Monday-Tuesday in A Nous Paris there was a review (3/5 dots) of Champeaux under the Canopee in Les Halles, reviewed here 8 days ago.
Tuesday, Le Fooding had a review of the Restaurant Isak X Café Marché in Nice.
Wednesday, Emmanuel Rubin’s Hache Menu covered Une Affaire de Famille in the flea market Saint-Ouen where he says one might go on a weekend.
And, in his reviews of 5 new places this week he gave 3 hearts to one of the best Chinese restaurants in Paris – Chez Tonton in the 6th; then 2 got 2 hearts: the previously reviewed Fichon in the 18th and La Demesure, 43, rue Faubourg Montmartre in the 9th, 01.48.24.49.53 closed Saturday lunch and Sundays where for the 14.50 E lunch formula and carte running you can have items such as lentil salad, mussels with curry and frites and tempura haricots. Getting only one heart was the Tunisian Comptoir de Tunisie in the 1st and a broken heart went to LaMercerie in the 6th.
Also Wednesday, in Le Figaroscope, Alice Bosio and Colette Monsat wrote up and rated new places that feature brunch: 9/10 Hardware Societe Hotel Grand Amour Liza Brasserie Thoumieux Uptown Poppy Paris Rosemary Marlon
Also Wednesday, Heidi Ellison in Paris Update reviewed the previously mentioned Le Bouchon et L’Assiette in the 17th.
In L’Express, they announced the abrupt departure of Joel Robuchon from La Grande Maison in Bordeaux and Francois-Regis Gaudry reviewed La Villa Gabrielle in Deauville; while Mina Soundiram covered the vegetarian Le Potager de Charlotte, 12 rue de la Tour d’Auvergne in the 9th, 01.44.65.09.63, closed Monday and Tuesday, where on the menu of 25 E one can sample items such as a hard-boiled egg, rice pancakes and roast pear and the Italian Merrigio, also in the 9th.

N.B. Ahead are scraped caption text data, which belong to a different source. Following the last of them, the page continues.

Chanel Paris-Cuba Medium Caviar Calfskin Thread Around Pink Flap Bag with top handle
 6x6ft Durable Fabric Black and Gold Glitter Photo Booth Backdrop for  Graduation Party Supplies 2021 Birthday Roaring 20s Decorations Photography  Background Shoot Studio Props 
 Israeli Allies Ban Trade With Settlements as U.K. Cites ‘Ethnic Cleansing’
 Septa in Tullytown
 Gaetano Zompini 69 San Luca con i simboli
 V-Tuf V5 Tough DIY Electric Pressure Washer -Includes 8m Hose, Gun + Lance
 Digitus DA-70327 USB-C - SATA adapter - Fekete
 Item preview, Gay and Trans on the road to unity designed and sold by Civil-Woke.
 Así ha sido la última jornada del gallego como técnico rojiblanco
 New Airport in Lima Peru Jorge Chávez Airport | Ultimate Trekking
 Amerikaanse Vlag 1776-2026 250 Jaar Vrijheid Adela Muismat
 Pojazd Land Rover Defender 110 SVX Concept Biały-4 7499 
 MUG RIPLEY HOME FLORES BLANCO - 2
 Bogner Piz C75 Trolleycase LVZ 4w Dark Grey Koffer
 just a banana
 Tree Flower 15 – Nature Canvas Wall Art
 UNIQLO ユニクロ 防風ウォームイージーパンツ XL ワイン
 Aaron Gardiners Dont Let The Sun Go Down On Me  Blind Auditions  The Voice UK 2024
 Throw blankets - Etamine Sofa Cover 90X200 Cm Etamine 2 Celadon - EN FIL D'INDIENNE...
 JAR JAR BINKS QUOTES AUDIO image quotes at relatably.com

6.6 Les Arlots (no it's not an abbreviation of harlots but of harlequins), 136, rue du Faubourg Poissonnière in the 10th, 01.42.82.92.01, closed Sundays and Mondays, has gotten rave reviews in the cybersphere and from two friends so when my pal Pierre 45 and his wife arrived, I thought it ideal. As you can see, they speak English, and indeed did to us, freely. I started off ordering the sausage and entrecote thinking they were a 1st and Main, but no, both were mains. So I just ordered the entrecote, Blue of course, which threw our waitress back a bit - "Bleu?" she said "Oui bleu!" I said.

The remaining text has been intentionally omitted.